Divergent paths lead to European cross country finals
By GREGORY BROOME | STARS AND STRIPES Published: October 17, 2018
At its simplest, a successful cross country running season involves putting one foot in front of the other. But it also requires a degree of balance.
DODEA-Europe teams have reached that point in the fall where balance truly comes into play. This Saturday holds the last meets of the regular season; a week later, the organization’s top runners will compete for the European championship. Success at that latter meet is the ultimate goal; the race before it can present as many problems as opportunities.
“I think I can speak for all coaches in that we want runners well-rested going into the championship,” Stuttgart head coach Philip Bailey said. “But we want the muscles firing properly for peak performance.”
That gets to the paradoxical heart of the season’s penultimate meet. A runner pushing hard this weekend for a new personal record might fall victim to overexertion, exhaustion or injury, or perhaps simply fall short and suffer an ill-timed confidence dip. A runner who eases up this weekend might lose access to the competitive edge they’ll need just seven days later.
“The athletes’ bodies should be at about their breaking point for the championship if we train properly,” Bailey said.
Identifying that point is, so to speak, the point, and there can be as many different personal thresholds as runners on the roster.
“The difficulty as a coach is taking into consideration the ages and abilities of our runners,” Bailey said.
Brussels coach Dirk Vander Hulst said that a subdued approach leading up to the championship race doesn’t necessarily mean increased endurance or performance at the main event.
“Resting athletes for the sake of resting can be tricky,” Vander Hulst said.
That’s the balancing act facing DODEA-Europe cross country teams this weekend.

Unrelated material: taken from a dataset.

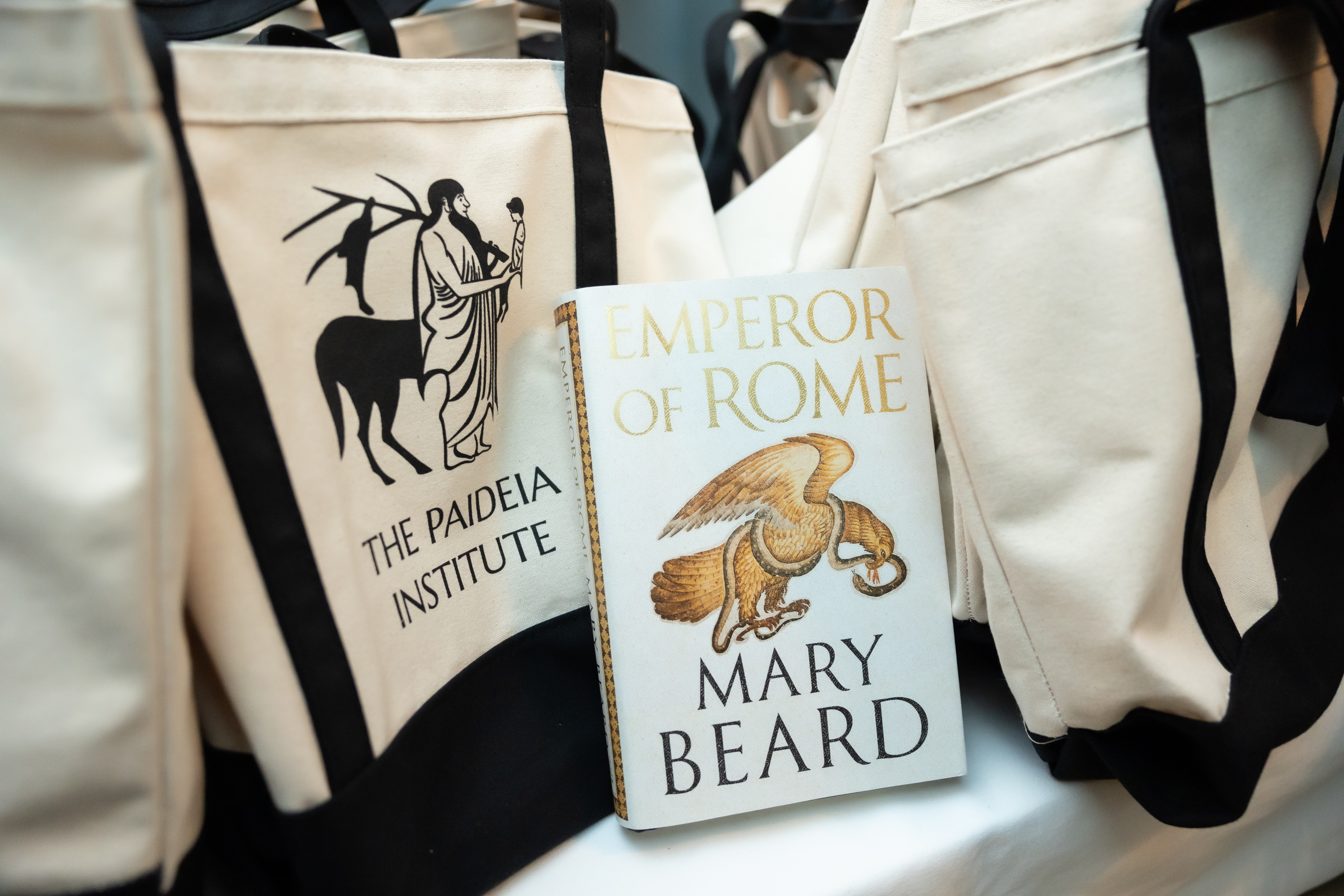 ...and Paideia tote bags!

Vander Hulst said there are “usually two different groups of runners at the end of the season.” The first includes the more accomplished athletes with a greater feel for their own potential and limits. Those athletes are “trying to peak at the right time;” namely, a week later at the European finals
“For them it’s more of a concern because most of the work is done and we are just trying to fix little stuff and have good workouts that are fast and productive,” Vander Hulst said.

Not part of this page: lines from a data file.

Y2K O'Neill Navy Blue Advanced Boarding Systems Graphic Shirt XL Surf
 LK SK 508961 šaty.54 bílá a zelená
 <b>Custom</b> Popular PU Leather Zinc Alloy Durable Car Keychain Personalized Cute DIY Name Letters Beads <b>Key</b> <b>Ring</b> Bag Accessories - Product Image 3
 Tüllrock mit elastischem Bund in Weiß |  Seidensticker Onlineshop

The second group, Vander Hulst said, includes less seasoned runners still finding their way in the sport. For them, especially on a smaller team like Brussels, the end of the season offers the chance to improve one’s standing on the squad and enter the offseason on an upward trend.
“I find it to be a very motivating time during the season,” Vander Hulst said.
Ramstein volunteer coach Mick Thomsen said the Royals ask their runners to “learn about how they feel and act when at their limits and to push harder to improve.” In the process, he wants all of his runners finishing as strong as those limits will allow.
“Winning becomes a habit, so we will always push and challenge to be first,” Thomsen said. “I want them all to perform how they would at every race. Give it their all and race hard.”
Ultimately, the final Saturday race of the regular season is a fleeting moment quickly overwritten by the final week of practice and the season-defining European championship, set for Oct. 27 at Baumholder, Germany. But if it’s handled correctly, this week can lead to lasting glory.
“A great race the weekend before can be the trigger that motivates the athletes to run their best ever at the championships,” Bailey said.